What to work on: For the entries below, report every line that includes the word "Mouse".

Information given:
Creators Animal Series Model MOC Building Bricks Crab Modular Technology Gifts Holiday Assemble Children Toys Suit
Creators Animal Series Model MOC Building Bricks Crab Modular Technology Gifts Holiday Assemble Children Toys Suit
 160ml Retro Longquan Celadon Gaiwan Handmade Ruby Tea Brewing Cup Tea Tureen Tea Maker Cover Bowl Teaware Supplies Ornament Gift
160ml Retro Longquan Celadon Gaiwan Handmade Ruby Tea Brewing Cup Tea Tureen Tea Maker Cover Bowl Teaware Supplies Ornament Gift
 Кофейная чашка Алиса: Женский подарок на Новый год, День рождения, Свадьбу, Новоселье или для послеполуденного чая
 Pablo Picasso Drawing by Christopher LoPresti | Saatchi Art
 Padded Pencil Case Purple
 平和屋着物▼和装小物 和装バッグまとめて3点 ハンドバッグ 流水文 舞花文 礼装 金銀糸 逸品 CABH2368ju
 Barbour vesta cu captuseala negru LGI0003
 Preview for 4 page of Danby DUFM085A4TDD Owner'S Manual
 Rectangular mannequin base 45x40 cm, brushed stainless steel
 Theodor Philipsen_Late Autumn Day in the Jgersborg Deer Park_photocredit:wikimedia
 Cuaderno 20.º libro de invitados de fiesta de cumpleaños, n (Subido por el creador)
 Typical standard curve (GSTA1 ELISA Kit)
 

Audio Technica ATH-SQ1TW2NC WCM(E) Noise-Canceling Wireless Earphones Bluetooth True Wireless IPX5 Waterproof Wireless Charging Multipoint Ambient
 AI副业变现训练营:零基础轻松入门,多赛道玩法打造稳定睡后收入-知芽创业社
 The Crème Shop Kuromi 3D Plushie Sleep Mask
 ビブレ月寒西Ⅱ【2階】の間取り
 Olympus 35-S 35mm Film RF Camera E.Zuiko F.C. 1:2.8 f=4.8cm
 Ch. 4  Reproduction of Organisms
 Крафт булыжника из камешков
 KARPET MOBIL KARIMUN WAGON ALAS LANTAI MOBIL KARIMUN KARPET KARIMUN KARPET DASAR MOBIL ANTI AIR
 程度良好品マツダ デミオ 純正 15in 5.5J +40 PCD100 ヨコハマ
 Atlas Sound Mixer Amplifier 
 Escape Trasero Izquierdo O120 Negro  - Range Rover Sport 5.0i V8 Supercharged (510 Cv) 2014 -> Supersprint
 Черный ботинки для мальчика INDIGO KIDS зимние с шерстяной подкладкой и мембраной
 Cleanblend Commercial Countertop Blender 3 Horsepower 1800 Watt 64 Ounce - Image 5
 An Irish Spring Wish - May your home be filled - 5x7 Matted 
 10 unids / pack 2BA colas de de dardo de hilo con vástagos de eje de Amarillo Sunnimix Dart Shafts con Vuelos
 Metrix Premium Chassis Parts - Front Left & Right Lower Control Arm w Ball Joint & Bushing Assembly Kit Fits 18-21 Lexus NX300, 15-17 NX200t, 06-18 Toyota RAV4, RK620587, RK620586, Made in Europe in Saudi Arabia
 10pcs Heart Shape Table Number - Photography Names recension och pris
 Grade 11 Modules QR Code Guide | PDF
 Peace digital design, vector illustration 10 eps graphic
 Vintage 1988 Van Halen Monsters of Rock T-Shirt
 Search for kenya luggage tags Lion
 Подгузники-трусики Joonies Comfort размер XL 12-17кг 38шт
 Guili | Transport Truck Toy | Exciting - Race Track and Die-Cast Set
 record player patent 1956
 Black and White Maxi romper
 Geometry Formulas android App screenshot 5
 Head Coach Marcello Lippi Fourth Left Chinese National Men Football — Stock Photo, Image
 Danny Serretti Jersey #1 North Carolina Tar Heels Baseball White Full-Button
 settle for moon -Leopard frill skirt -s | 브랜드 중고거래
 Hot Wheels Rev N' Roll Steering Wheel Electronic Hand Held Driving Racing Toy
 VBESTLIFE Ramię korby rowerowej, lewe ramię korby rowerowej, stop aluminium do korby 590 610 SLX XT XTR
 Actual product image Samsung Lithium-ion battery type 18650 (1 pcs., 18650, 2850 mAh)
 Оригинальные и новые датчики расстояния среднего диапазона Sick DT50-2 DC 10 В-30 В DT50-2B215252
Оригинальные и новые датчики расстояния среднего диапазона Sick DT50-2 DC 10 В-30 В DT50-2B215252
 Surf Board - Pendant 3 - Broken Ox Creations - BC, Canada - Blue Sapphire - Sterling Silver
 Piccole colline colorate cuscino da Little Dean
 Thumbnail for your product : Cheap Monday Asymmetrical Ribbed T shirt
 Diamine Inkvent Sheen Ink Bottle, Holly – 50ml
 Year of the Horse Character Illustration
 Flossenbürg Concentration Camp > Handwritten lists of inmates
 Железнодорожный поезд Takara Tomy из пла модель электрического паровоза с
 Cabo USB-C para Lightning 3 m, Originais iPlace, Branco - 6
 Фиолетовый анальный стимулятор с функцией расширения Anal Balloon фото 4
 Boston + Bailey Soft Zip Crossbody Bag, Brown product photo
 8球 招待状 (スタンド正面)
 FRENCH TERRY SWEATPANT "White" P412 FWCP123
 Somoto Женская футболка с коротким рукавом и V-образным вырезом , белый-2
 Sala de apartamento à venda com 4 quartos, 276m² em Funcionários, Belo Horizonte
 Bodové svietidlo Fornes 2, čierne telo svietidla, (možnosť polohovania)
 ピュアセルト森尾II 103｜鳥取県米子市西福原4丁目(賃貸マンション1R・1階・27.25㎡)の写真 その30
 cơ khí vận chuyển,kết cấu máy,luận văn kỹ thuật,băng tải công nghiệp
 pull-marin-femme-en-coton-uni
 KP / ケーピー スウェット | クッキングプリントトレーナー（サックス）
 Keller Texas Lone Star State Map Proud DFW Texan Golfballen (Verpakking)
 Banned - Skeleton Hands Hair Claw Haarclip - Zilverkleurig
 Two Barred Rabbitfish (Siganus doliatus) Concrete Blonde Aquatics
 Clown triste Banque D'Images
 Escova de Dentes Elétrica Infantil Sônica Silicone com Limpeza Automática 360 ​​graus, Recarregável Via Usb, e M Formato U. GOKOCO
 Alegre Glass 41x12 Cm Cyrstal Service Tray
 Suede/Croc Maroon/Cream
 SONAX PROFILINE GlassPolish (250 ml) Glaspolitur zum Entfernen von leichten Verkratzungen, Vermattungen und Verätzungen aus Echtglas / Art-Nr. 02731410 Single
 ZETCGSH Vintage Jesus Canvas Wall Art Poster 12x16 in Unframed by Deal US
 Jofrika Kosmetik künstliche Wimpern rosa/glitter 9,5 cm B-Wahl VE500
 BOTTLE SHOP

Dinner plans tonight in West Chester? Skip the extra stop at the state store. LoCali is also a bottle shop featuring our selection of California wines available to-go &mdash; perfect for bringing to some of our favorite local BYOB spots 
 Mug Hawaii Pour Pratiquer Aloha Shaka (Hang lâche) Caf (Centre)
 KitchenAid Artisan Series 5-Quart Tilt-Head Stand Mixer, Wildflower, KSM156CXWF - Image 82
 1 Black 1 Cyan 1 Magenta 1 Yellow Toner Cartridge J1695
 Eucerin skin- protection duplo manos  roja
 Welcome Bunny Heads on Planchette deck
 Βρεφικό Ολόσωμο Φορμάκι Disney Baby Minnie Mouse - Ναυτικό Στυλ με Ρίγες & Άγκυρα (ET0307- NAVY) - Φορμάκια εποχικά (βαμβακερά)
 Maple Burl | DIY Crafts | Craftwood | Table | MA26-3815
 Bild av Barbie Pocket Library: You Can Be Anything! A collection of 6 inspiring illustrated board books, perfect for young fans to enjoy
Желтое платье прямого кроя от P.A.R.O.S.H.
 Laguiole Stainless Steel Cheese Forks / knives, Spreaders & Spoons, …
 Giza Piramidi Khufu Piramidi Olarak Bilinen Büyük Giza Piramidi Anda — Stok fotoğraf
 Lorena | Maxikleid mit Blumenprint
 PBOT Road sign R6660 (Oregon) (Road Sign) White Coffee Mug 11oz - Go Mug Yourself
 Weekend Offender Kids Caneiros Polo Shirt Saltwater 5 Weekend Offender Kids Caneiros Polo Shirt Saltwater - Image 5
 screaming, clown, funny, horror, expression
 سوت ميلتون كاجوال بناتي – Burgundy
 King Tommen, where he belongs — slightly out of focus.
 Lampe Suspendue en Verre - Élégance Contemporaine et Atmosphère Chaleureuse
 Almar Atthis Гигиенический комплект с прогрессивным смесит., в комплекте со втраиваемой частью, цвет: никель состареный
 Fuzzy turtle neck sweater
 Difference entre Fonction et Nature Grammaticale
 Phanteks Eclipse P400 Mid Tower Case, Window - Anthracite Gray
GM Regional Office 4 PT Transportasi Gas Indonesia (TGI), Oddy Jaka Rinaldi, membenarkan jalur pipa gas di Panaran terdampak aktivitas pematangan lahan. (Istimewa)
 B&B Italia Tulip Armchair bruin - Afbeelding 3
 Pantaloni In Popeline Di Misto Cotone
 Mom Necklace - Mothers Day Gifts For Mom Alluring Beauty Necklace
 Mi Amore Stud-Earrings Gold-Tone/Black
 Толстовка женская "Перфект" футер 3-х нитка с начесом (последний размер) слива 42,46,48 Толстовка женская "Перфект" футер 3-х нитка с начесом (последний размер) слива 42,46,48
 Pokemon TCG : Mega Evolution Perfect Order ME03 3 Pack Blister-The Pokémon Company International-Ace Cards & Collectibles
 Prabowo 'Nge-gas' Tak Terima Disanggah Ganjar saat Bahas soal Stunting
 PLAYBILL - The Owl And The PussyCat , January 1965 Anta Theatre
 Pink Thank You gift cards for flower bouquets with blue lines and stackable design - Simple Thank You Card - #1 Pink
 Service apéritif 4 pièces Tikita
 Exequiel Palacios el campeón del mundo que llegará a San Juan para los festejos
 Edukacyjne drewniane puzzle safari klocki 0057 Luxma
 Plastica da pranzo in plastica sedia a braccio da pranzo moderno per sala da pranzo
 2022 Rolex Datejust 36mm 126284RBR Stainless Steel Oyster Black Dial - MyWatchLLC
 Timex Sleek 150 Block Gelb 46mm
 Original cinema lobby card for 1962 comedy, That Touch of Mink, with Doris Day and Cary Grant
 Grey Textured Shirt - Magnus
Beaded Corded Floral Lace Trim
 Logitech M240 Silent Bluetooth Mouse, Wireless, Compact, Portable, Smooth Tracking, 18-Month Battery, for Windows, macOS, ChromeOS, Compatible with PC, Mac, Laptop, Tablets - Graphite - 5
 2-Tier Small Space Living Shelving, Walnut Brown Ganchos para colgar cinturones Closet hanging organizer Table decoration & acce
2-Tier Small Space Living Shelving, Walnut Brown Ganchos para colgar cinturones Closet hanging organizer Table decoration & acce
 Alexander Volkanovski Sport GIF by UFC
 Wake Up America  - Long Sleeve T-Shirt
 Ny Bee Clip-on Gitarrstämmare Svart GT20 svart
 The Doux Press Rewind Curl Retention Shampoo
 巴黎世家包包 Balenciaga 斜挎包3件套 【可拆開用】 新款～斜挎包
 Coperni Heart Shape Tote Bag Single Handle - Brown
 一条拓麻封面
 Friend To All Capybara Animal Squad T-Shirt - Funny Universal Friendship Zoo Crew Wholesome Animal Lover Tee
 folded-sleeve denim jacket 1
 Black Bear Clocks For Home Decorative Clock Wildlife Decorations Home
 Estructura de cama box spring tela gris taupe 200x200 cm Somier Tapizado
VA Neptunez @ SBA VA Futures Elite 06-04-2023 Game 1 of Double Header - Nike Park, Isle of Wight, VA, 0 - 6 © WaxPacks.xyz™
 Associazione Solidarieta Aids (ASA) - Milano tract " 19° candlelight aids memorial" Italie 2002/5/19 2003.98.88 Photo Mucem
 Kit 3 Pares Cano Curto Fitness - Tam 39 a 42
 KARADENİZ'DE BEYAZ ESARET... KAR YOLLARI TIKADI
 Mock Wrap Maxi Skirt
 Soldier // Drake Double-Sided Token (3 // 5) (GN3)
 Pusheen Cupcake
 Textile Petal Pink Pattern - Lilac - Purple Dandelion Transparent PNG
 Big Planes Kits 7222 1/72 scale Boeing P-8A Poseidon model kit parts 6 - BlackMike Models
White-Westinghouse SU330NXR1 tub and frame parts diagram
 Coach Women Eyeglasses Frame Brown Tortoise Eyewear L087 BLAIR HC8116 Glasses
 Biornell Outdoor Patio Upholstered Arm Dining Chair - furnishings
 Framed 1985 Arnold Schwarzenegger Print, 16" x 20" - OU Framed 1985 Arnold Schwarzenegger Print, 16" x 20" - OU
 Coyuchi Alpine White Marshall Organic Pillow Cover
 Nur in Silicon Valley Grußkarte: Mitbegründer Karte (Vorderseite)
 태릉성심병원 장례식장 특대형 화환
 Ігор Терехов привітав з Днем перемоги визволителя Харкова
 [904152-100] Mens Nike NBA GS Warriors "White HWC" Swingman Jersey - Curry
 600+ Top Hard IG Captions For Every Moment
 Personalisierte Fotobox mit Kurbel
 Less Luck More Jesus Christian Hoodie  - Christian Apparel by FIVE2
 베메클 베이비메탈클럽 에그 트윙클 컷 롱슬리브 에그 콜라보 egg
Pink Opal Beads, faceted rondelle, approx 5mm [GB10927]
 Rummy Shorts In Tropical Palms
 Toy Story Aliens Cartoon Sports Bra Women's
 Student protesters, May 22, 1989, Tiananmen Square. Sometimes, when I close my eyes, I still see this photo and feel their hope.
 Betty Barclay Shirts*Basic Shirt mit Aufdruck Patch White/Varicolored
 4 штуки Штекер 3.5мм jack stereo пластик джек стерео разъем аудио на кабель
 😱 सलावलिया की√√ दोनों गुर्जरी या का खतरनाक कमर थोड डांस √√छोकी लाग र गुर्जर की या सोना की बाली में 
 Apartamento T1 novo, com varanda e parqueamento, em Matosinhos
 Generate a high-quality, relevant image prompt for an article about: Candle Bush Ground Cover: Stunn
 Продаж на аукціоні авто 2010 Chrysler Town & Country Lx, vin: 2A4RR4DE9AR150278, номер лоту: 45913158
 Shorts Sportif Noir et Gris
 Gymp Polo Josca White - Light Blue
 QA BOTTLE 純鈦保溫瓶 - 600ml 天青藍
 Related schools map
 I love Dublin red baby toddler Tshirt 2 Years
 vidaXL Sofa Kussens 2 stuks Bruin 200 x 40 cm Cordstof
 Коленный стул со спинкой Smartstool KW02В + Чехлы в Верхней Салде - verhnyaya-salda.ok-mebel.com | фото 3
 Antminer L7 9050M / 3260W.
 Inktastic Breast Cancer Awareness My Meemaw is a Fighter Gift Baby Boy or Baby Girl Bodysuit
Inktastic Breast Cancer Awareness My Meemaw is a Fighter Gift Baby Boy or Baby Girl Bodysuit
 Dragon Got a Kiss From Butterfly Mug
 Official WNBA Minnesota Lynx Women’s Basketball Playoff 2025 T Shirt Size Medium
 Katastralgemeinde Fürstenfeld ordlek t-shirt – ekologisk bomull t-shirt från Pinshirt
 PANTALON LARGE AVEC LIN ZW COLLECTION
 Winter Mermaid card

Output for this exercise:
 Βρεφικό Ολόσωμο Φορμάκι Disney Baby Minnie Mouse - Ναυτικό Στυλ με Ρίγες & Άγκυρα (ET0307- NAVY) - Φορμάκια εποχικά (βαμβακερά)
 Logitech M240 Silent Bluetooth Mouse, Wireless, Compact, Portable, Smooth Tracking, 18-Month Battery, for Windows, macOS, ChromeOS, Compatible with PC, Mac, Laptop, Tablets - Graphite - 5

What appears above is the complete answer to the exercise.